The Chelsea Flea Market wasn't where I expected it to be (I was looking for a big garage), but that’s usually when the most charming moments happen.
The annex on West 25th Street between Sixth Avenue and Broadway offered a smattering of objects heavily used in someone’s former city life, from a perfume bottle decorated with a metal dancing woman in the art nouveau style to peculiar flat keys from the 1940-1950s. All together, what I found gives me a small window into New York City from roughly 1890-1950, an historic time span that made New York the epicenter of art and culture.
Of course the place was combing with people who had that palpable air of, “I’ve never left the city and I’m totally fine with that,” which gives The City a certain energy not found elsewhere. I also may have discovered the hipster precursor (see photo) who started the beard trend way back when. A few creepy portraits of non-famous people and random ceramic pig statues indicated that this market wasn't too highbrow to price normal people out, but quirky enough to hide curious finds.

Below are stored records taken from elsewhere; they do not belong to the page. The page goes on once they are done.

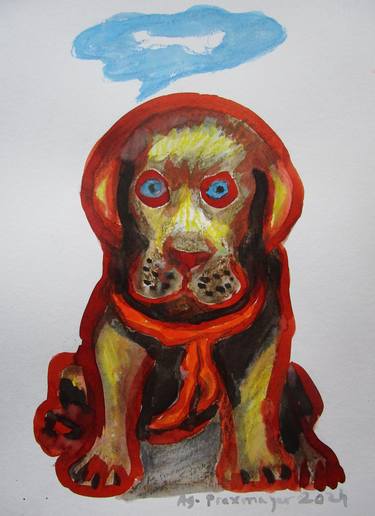 Original Figurative Dogs Paintings by Agnieszka Praxmayer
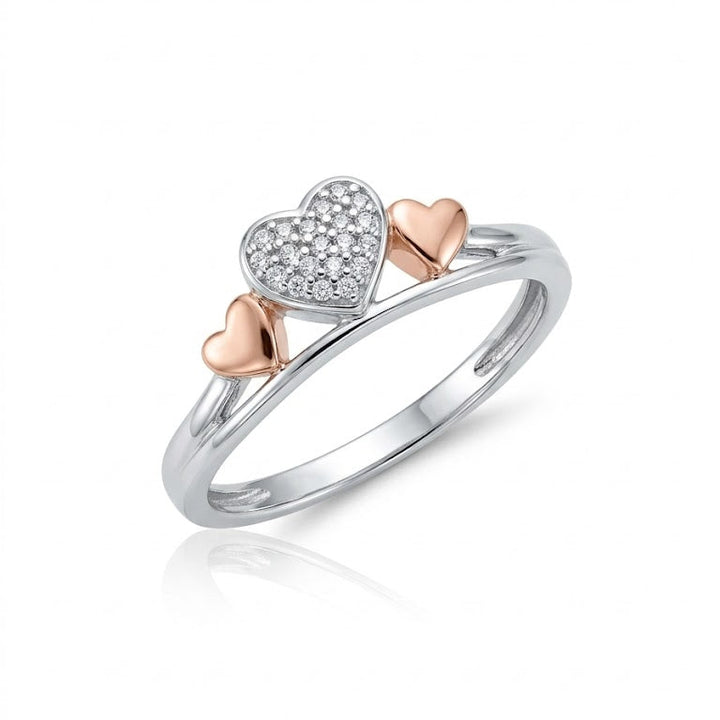 925 Sterling Silver and 10K Rose Gold Accent Heart and Diamonds Ring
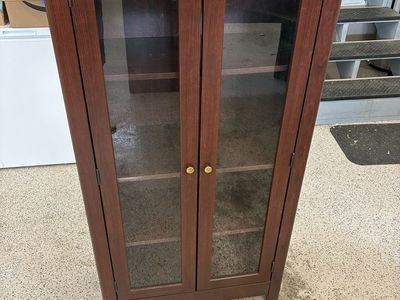 Cherry Wood Glass Door Display Cabinet Bookshelf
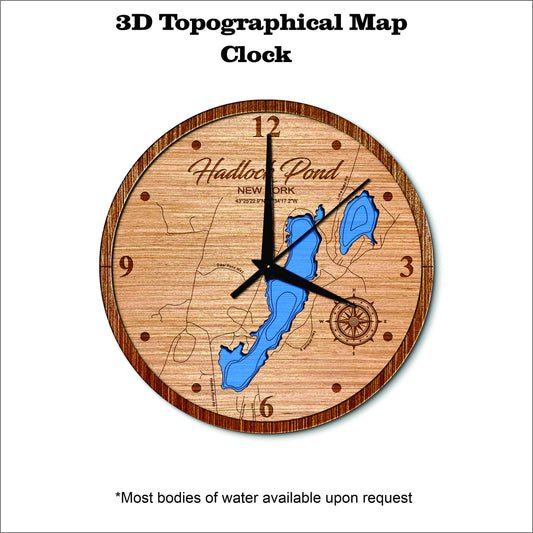 Hadlock Pond in New York 3D topographical map clock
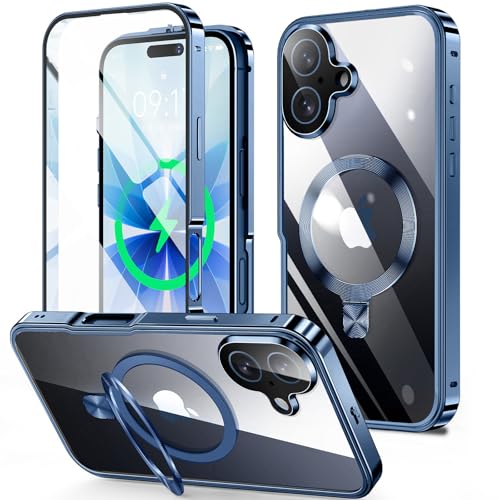 HGUTREYスタンド機能付き・アクションボタン iPhone17 用 ケース クリア ロック付きCDリング・MagSafe対応 9H強化ガラス PC背面 一体型レンズ保護 アイフォン17 ケー・
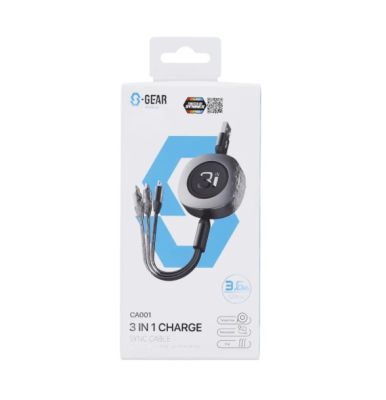 CHARGER CABLE (สายชาร์จ) S-GEAR 3IN1 MICRO-USB,USB-C AND LIGHTNING 1.2 METER (CA001-3 in 1)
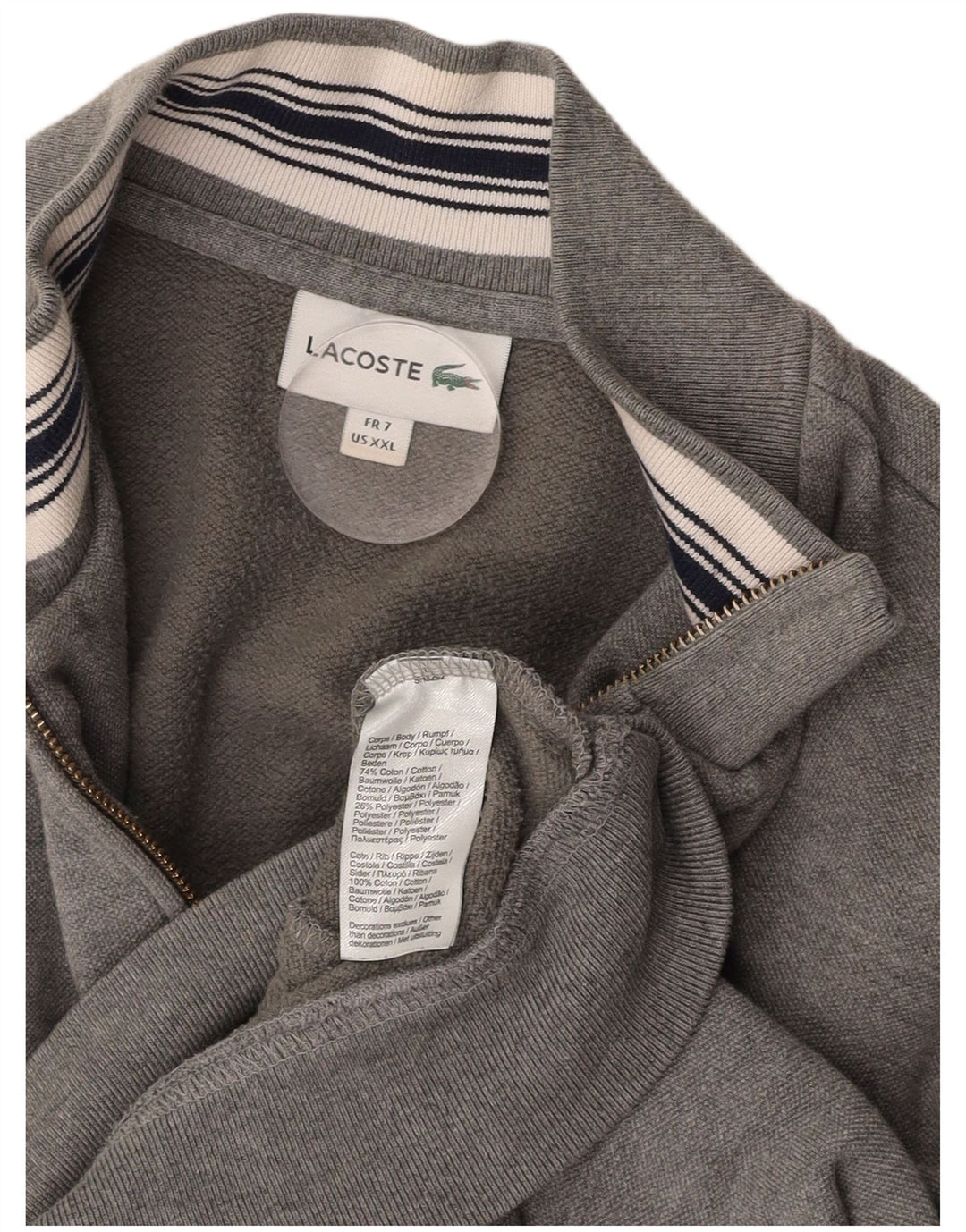 LACOSTE Мужской спортивный костюм, верхняя куртка, размер 7, 2XL, серый хлопок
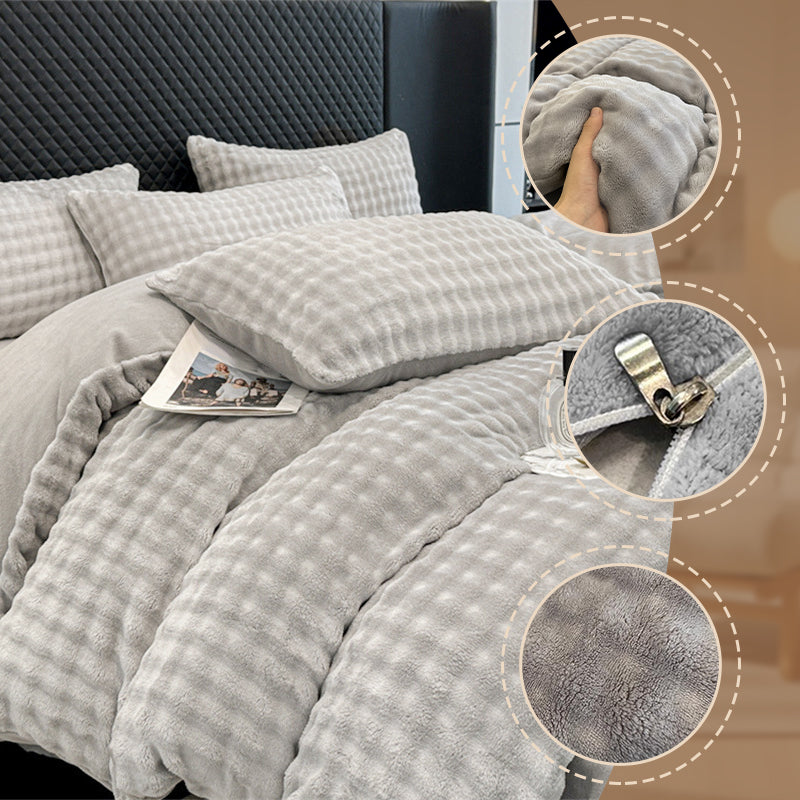 🛏️ 69% DE RÉDUCTION ! ✨ Ensemble de Couette en Velours Lait - Housse 1800F avec Fermeture Éclair pour une Chaleur Douce et Confortable en Hiver ❄️🌟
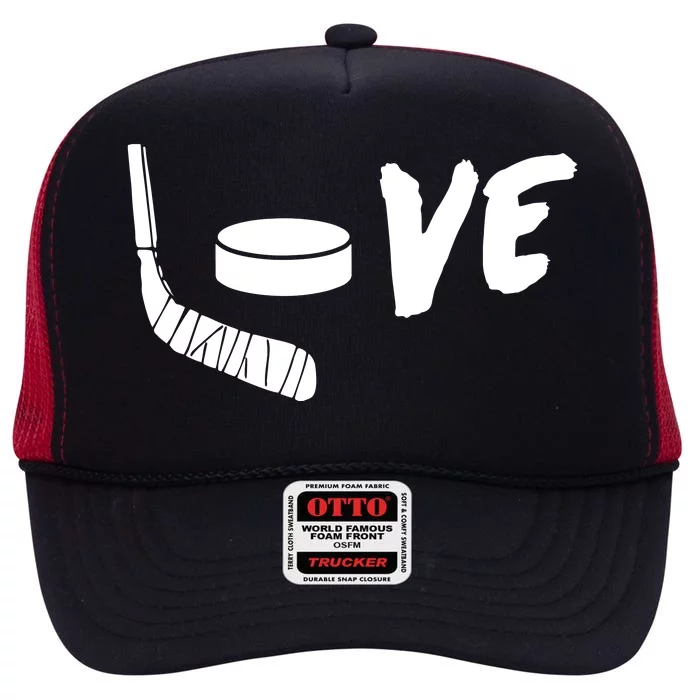 Love Hockey Ice Hockey Shirts & Gift For Hockey Fans High Crown Mesh Trucker Hat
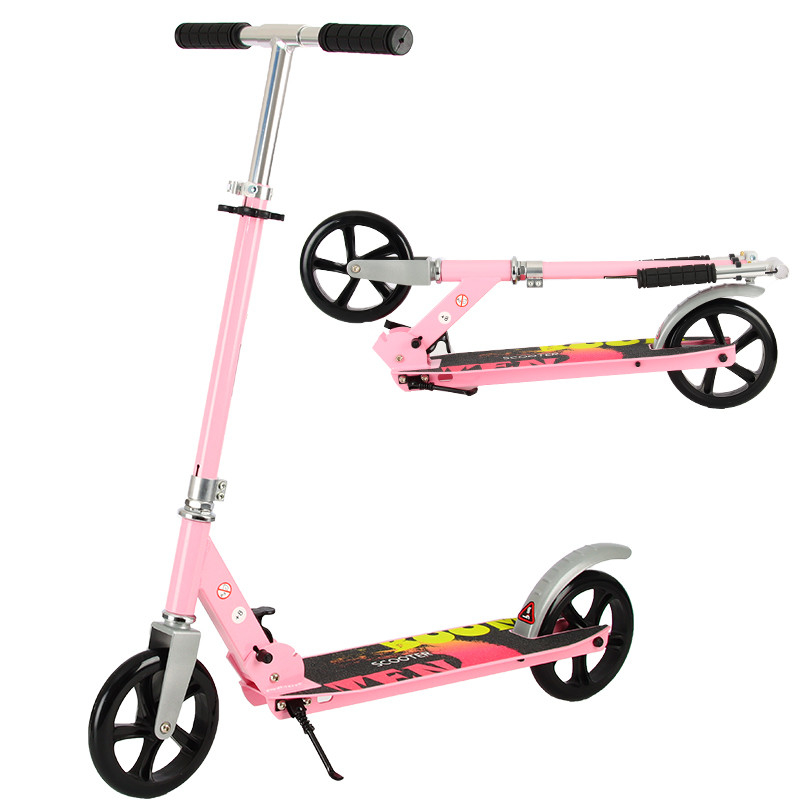 Anodized T Bar Non Slip Deck Youth Kick Scooter Adjustable Height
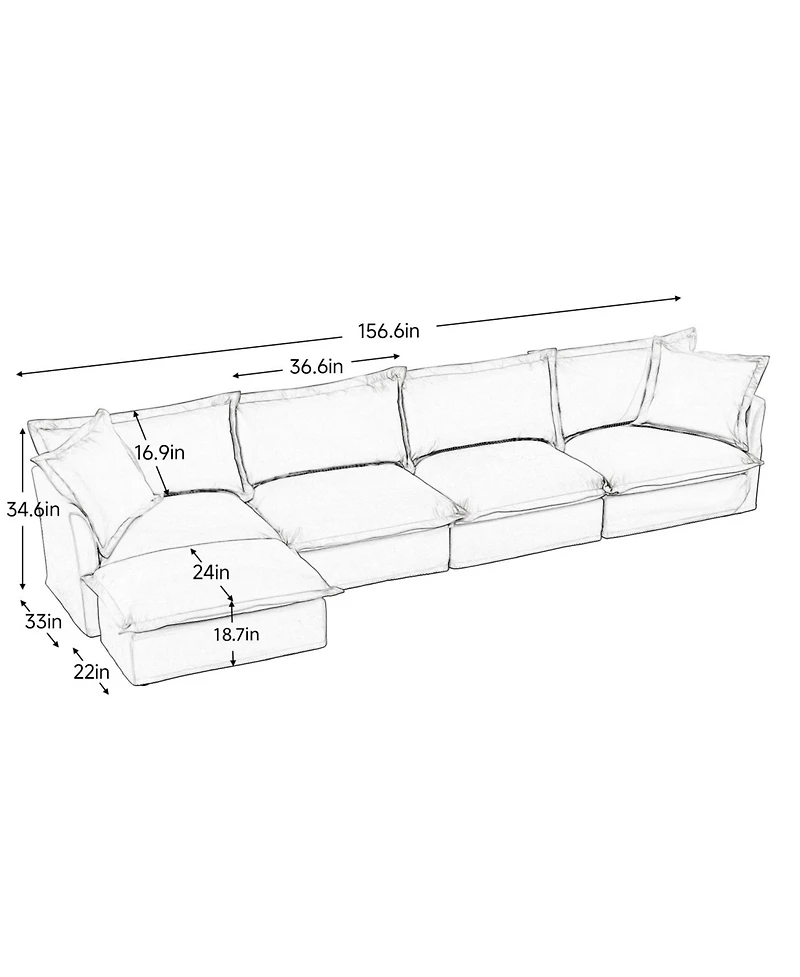 Streamdale Furniture Slipcovered L Shape Chenille Sectional Sofa Couch - Black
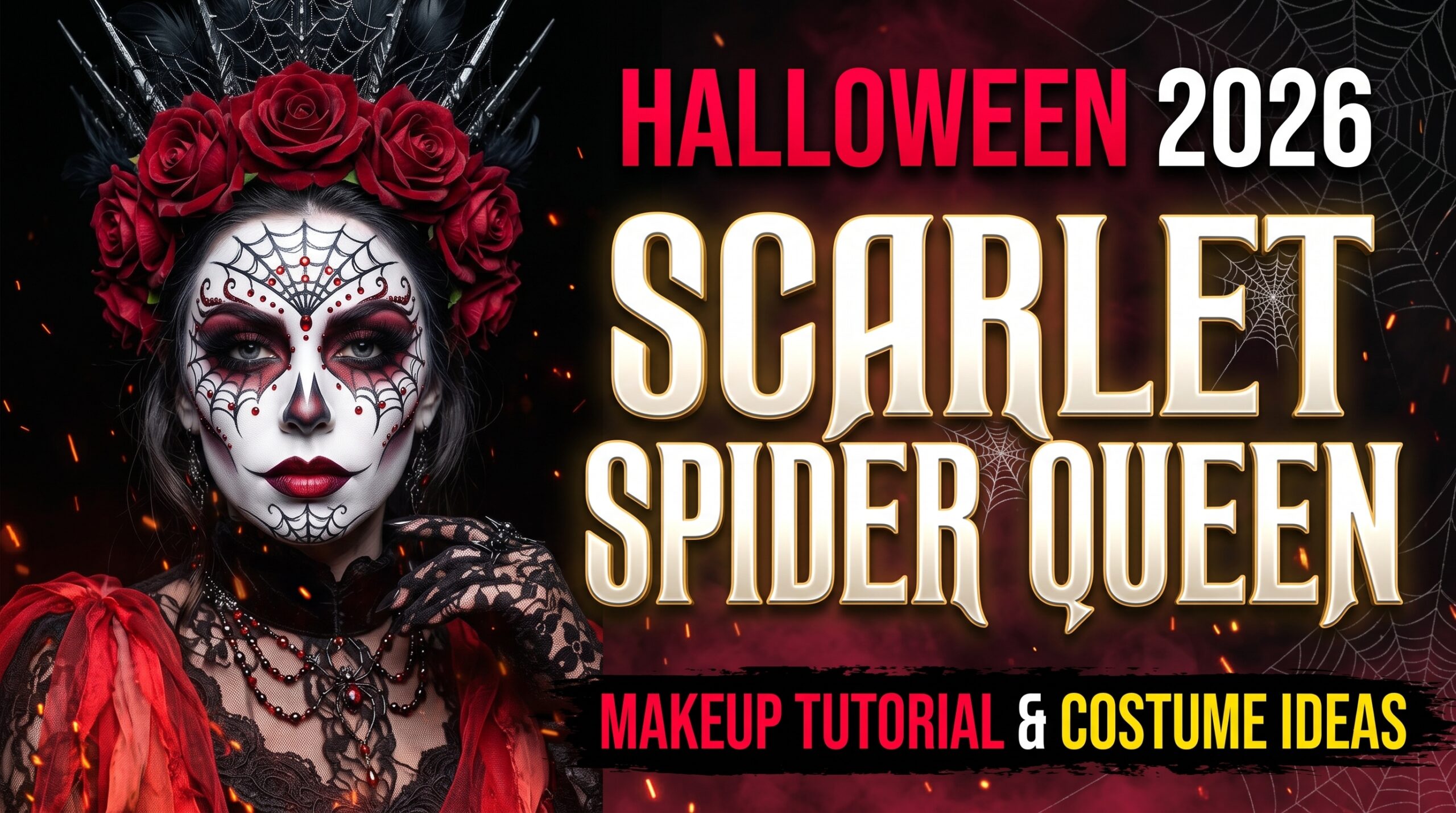 Gothic Halloween makeup featuring spiderweb face art, dark red roses, smoky eyes, and a dramatic rose queen crown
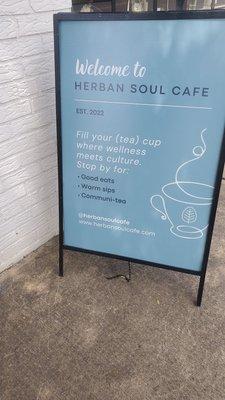 Sign for Herban Soul Cafe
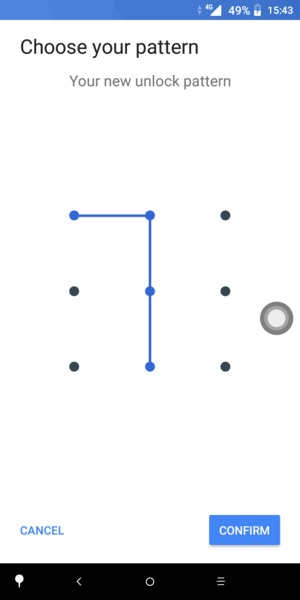 Draw the unlock pattern again and select CONFIRM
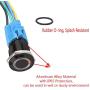 ESUPPORT 19mm 12V 5A Car Blue LED Light Angel Eye Metal Push Button Toggle Switch Socket Plug Latching Black Shell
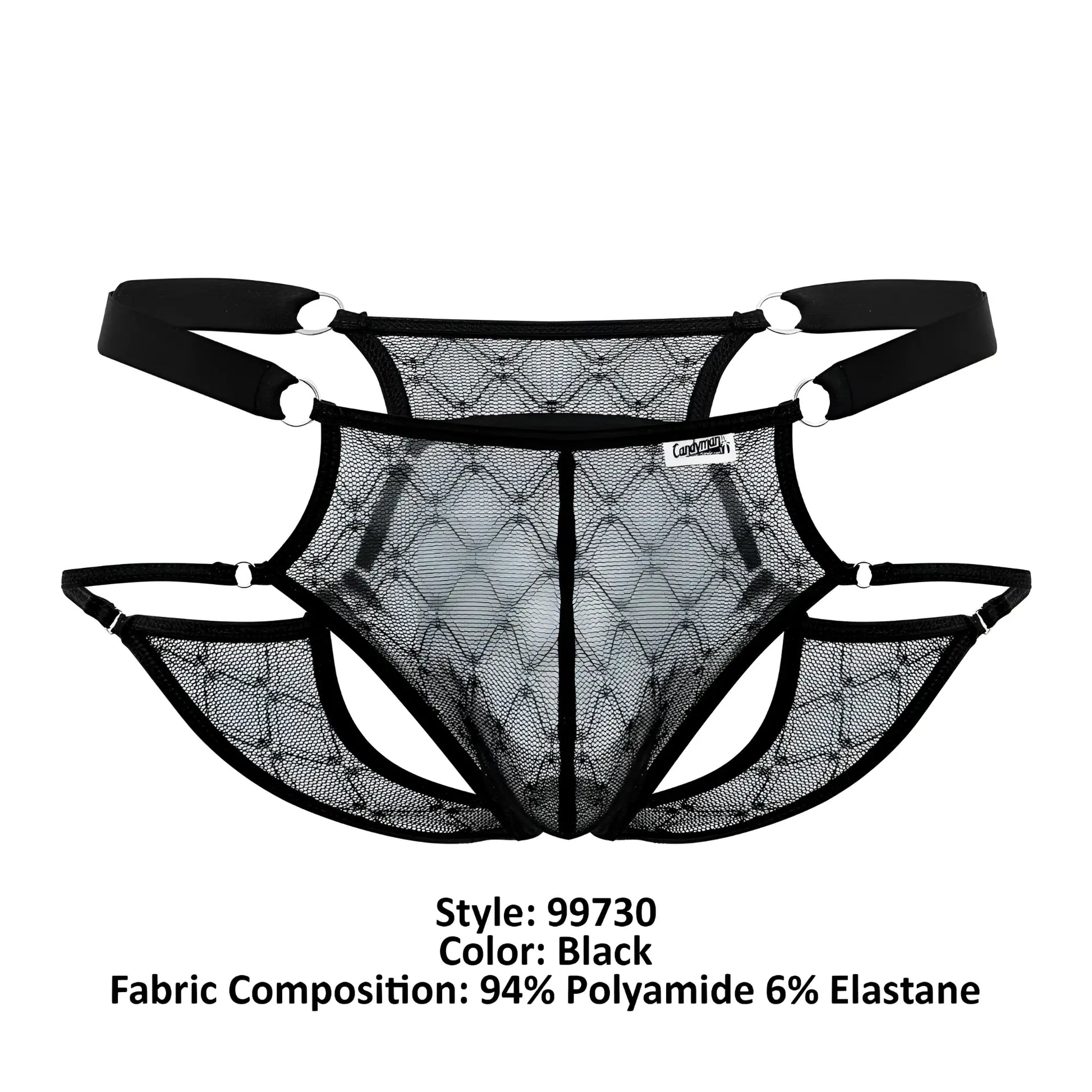 Black mesh lace jockstrap briefs with diamond pattern and adjustable straps by candyman 99730 color black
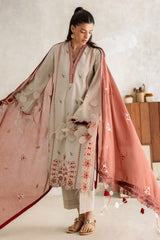 UAE-3 Piece Embroidered Lawn Suit with Paper Cotton Dupatta and Borders PM-62056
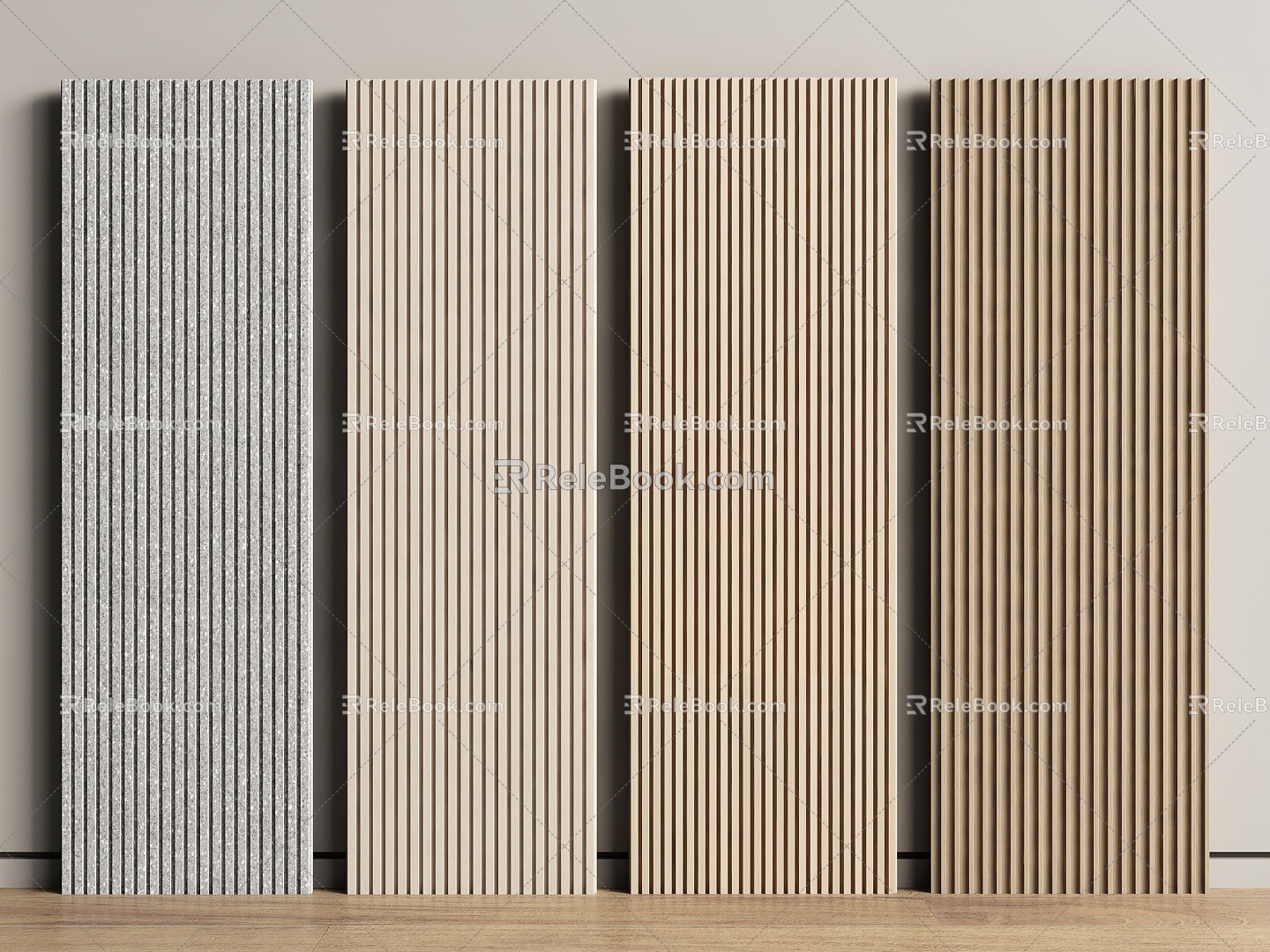 Wall Panel Grille Panel Wood veneer Decorative Panel Solid Board Wood Grille TV Background Wall 3d model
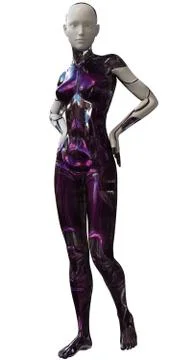 Ultra Modern White Purple Android Female Artificial Intelligence 3D Illustrat Stock Illustration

And there turned out to be plenty to choose from. I sifted through the standard rusty key bins and grabbed the most interesting ones, as well as initial stamps and even a can opener because it had the words "quick and easy" engraved on the front. The art nouveau perfume bottle will yield the most attractive pieces once it is transformed into a travel bead or a cuff ring. Now, the process begins.
As I write this, molds are being made of the perfume bottle and keys which will produce waxes that I then sculpt and form. Eventually, jewelry will be created through the lost wax process.
It’s fun to imagine who may have sprinkled themselves with aromas or whose hands could have turned the keys to open doors to rooms where historic moments may or may not have happened. In the very least, a little piece of Americana has been saved and is safe and sound in Rhode Island where it gets another life.